Kim Lew, Carnegie Corp. of New York
“I knew Carnegie was a strong performer — but I didn’t know it was that good.” Lew’s ten-year returns at the $3.5 billion fund are just a whisker behind David Swensen’s. That’s 220 basis points of alpha annually over Carnegie’s policy benchmark, and nearly 300 on top of the peer median. She might not brag; she doesn’t have to. “Almost anyone on Kim’s team could be CIO one day.” That ringing endorsement of the CIO’s work reflects Lew’s “preternatural” dedication to talent management and deep intuition as to what team Carnegie needs at any point. She’s “loved and admired” in the tight community of New York City CIOs — most of all, perhaps, by Meredith Jenkins, her one-time co-CIO at Carnegie.
Ana Marshall, Hewlett Foundation
“Ana Marshall does the work. She’s not the kind of CIO who sits back and manages” or cruises the conference circuit. For Marshall, the CIO duties of interfacing with the board, mentorship, administration, and, yes, team management go on top of actually investing the $9.8 billion fund alongside her “super talented” team. “That’s why Hewlett’s ridiculous track record is truly her track record.” Hewlett escapes the “crazy spotlight” shone on big-name endowments like MIT, Princeton, Columbia, and Yale, yet their leaders “count Marshall as a peer.” “It’s so hard to beat her.”
Lisa Mazzocco, University of Southern California
“Lisa has exhibited grace under pressure during a year or two filled with overwhelming institutional scandals. She has kept her team focused and motivated (and together!) in spite of everything happening at USC.” (Google it if you have more questions.) Mazzocco and her loyal team are uniquely able to buffer students from the fallout, financially at least. “They’ve risen to the challenge.” And done it scandal-free, one might add.
Marie Pillai, General Mills
Marie Pillai’s stats as a chief investment officer speak for themselves. “Top quartile for returns, below median for risk.” General Mills’ pension plan is 102 percent funded, and union medical benefits are 160 percent covered. The “defeasing rate is less than 5 percent to meet all future benefit payments; plan is self-supporting, no new contributions expected.” She’s halved surplus volatility to less than 10 percent from 20 percent over the last decade. And the Honey Nut Cheerio on top? General Mills’ “portfolio is still quite interesting: 45 percent bonds, 15 percent private/energy/real estate, 40 percent public equity.”
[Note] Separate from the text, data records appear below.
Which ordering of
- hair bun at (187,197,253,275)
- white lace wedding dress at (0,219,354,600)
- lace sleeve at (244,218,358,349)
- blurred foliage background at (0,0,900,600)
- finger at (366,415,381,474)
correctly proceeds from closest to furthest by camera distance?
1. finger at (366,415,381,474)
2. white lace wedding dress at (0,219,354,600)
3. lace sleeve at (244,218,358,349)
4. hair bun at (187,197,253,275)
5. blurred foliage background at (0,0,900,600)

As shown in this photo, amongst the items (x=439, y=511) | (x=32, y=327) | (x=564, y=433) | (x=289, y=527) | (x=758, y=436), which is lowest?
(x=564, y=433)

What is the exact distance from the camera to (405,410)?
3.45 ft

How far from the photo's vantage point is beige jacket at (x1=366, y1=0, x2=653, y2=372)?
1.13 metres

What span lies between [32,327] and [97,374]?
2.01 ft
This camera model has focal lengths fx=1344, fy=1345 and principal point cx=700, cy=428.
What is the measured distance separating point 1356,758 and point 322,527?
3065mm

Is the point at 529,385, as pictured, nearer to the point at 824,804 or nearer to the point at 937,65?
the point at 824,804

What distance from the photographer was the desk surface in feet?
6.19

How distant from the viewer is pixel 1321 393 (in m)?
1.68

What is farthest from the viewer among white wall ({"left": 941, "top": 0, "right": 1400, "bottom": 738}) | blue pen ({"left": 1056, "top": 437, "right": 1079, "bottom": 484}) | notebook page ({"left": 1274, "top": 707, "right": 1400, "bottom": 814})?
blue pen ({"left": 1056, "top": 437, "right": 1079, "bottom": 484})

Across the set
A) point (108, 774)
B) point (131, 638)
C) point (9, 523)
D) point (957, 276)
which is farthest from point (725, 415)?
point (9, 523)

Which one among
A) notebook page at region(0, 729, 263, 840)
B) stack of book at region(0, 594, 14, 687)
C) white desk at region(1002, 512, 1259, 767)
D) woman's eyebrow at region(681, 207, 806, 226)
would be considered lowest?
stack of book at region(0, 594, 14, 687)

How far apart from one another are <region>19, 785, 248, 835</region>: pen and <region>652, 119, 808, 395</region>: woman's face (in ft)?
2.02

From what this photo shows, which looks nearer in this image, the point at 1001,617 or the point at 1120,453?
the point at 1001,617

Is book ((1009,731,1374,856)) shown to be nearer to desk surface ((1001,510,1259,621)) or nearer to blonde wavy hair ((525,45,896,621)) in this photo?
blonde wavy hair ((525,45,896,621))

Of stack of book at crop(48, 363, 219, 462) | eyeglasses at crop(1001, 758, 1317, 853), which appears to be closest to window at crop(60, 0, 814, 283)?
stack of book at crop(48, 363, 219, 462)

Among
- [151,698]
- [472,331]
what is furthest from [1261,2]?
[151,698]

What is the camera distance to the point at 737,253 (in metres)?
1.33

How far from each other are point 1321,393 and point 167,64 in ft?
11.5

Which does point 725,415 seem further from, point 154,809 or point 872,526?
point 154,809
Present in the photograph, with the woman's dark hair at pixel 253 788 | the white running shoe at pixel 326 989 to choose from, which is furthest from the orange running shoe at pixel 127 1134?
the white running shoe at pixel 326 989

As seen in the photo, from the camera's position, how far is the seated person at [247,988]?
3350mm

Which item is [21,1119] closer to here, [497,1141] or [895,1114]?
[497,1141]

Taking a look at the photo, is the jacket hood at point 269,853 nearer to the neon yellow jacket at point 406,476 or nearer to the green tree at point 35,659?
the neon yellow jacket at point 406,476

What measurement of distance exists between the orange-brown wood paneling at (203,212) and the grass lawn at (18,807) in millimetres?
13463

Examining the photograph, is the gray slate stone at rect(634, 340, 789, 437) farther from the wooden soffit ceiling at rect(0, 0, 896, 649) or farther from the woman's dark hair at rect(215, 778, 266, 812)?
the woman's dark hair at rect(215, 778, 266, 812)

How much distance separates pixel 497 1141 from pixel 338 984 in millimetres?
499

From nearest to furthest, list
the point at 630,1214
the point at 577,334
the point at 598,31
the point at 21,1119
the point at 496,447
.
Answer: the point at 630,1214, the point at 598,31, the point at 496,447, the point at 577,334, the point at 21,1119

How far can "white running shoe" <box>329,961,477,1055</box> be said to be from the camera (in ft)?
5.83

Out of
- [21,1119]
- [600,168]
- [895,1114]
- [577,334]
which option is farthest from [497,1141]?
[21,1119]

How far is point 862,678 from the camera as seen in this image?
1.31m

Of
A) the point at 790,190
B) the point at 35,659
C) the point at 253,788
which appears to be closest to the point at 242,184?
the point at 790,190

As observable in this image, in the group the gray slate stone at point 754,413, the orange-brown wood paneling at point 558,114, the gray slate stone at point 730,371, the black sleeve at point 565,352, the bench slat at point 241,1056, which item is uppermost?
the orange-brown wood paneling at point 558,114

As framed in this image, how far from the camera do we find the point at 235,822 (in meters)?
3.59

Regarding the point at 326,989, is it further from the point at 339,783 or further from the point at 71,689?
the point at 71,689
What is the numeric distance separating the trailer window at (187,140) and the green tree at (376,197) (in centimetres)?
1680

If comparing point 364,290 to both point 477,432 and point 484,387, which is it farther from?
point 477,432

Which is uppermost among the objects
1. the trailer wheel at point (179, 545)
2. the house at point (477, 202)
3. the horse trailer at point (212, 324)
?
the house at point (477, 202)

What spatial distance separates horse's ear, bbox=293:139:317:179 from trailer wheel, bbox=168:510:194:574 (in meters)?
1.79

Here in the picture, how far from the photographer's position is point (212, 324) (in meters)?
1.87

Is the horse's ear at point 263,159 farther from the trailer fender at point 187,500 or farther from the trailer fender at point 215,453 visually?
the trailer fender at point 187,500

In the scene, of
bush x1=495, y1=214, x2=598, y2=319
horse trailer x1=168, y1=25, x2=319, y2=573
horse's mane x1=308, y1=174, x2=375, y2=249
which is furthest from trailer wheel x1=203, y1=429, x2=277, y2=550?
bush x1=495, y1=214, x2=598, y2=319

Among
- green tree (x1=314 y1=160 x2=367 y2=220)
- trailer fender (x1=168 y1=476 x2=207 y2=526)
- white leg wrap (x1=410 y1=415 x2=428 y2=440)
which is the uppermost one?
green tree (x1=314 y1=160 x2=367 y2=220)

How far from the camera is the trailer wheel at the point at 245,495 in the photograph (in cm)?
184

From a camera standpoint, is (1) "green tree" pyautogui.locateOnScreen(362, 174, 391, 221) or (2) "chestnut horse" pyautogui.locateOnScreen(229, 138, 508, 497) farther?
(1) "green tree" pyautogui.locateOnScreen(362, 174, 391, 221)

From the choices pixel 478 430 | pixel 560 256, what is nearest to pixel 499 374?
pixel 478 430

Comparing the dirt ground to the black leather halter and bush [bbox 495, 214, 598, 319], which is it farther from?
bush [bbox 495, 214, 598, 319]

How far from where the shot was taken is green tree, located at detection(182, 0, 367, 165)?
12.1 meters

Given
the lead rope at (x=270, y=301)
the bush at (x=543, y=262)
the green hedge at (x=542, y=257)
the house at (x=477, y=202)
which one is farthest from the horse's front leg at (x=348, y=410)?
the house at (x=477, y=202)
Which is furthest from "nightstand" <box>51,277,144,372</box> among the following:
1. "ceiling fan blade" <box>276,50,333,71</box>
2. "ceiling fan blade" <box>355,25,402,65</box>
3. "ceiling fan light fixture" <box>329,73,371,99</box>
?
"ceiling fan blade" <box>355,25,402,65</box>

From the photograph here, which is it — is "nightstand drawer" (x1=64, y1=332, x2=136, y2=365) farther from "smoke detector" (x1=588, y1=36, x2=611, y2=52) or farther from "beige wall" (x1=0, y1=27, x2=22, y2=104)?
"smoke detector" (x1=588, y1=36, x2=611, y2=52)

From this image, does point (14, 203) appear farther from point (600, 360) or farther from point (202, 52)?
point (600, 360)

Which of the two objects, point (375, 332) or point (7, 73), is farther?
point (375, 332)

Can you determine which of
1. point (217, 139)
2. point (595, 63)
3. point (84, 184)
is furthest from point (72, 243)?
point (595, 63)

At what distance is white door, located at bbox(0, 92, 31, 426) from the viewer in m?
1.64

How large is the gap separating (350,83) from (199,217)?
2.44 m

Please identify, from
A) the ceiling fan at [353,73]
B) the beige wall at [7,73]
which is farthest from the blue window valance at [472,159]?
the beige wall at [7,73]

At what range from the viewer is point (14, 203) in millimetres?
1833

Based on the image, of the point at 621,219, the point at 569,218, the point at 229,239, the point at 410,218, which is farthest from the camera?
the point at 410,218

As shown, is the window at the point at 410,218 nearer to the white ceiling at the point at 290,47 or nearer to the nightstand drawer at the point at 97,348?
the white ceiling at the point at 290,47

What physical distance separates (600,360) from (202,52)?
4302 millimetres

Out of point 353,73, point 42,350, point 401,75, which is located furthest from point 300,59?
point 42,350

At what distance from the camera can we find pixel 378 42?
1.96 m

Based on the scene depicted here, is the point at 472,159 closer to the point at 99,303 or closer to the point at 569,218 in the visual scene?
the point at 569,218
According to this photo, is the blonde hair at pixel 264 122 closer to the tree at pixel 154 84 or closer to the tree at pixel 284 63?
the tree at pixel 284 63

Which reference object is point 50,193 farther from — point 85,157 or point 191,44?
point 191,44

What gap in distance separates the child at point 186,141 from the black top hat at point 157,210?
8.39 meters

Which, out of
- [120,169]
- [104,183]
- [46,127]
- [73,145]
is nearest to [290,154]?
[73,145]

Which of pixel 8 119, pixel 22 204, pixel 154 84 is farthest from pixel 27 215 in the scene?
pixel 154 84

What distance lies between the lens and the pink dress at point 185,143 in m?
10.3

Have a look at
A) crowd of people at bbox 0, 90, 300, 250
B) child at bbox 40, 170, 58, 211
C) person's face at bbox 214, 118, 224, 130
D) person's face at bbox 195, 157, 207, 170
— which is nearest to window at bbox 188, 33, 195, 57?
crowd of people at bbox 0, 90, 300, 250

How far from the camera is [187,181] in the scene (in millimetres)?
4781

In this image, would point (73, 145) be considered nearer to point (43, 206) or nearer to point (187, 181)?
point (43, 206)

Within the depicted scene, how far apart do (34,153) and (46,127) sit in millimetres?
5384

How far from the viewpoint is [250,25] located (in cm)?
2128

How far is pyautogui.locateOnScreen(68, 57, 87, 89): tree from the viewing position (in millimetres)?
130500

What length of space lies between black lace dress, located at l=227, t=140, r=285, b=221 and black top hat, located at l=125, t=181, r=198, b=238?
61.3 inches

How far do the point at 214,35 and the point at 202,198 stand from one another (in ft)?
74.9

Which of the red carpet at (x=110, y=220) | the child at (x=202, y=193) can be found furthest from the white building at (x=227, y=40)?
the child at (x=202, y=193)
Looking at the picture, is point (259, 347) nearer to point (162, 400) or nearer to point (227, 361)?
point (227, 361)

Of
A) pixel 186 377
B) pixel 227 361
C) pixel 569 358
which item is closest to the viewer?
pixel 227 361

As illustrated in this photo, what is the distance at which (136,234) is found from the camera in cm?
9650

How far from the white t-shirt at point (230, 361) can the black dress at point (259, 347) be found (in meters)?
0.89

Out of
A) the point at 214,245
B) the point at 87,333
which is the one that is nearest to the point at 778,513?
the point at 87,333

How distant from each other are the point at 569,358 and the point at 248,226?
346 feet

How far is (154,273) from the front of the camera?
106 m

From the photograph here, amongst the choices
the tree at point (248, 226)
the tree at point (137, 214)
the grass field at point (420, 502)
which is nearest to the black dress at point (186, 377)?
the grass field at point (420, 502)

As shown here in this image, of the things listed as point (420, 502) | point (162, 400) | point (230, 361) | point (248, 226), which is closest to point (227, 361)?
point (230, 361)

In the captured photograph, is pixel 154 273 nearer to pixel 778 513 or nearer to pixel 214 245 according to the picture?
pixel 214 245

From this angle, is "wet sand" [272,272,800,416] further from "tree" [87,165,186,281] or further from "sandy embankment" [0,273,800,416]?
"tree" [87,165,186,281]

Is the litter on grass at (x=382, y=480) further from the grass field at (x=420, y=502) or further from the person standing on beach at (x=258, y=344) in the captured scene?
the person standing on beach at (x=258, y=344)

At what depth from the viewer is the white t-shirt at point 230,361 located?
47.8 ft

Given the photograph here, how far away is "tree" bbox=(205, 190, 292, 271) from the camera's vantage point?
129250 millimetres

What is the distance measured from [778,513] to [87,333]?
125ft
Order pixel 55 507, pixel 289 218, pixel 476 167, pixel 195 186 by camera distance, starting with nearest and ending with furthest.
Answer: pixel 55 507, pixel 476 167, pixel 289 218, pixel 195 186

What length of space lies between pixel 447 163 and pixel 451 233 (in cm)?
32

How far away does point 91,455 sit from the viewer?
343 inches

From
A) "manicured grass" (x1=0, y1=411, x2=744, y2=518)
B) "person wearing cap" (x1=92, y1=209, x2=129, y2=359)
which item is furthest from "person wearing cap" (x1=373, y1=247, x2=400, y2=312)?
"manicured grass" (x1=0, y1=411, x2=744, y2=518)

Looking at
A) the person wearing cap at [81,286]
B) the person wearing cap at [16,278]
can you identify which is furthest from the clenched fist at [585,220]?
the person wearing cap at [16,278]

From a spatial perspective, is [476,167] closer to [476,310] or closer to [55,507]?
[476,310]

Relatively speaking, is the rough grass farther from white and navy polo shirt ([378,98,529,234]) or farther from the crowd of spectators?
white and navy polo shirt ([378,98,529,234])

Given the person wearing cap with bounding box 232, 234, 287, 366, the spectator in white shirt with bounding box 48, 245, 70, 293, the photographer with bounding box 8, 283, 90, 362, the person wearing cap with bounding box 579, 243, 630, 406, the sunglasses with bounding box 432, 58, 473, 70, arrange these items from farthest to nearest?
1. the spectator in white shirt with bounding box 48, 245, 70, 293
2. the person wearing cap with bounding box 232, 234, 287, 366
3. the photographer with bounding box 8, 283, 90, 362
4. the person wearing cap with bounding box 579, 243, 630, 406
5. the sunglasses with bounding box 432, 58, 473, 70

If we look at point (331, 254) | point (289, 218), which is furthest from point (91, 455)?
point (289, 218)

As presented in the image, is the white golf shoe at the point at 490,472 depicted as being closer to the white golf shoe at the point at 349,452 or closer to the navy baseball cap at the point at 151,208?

Rip Reeves, AEGIS Insurance Services
CIO Rip Reeves “provides a great working environment where everyone is developed and recognized for their strengths and skills. He’s made it a priority to give them exposure and public recognition, never sacrificing the job at hand and bottom line.” AEGIS knows how to have fun too. If you think an insurance CIO must be boring, just ask Reeves about Mardi Gras.
Scott Richland, California Institute of Technology
In 2010, Caltech lured Scott Richland away from his “asset management and family office” background to become its CIO. Richland — praised for his “financial acumen and personal integrity” — inherited a “perennial bottom-decile performer.” He has delivered for the university, moving the now-$2.9 billion endowment into the “top decile” by some measures. This dramatic performance improvement means the endowment is paying out nearly a third more to support Caltech’s mission — “directly reducing the cost of attendance for over 90 percent” of students. “Beyond taking the lead on one-off, creative, value-add transactions, Scott has completely overhauled risk management. Meanwhile, he has had zero voluntary turnover on his team.”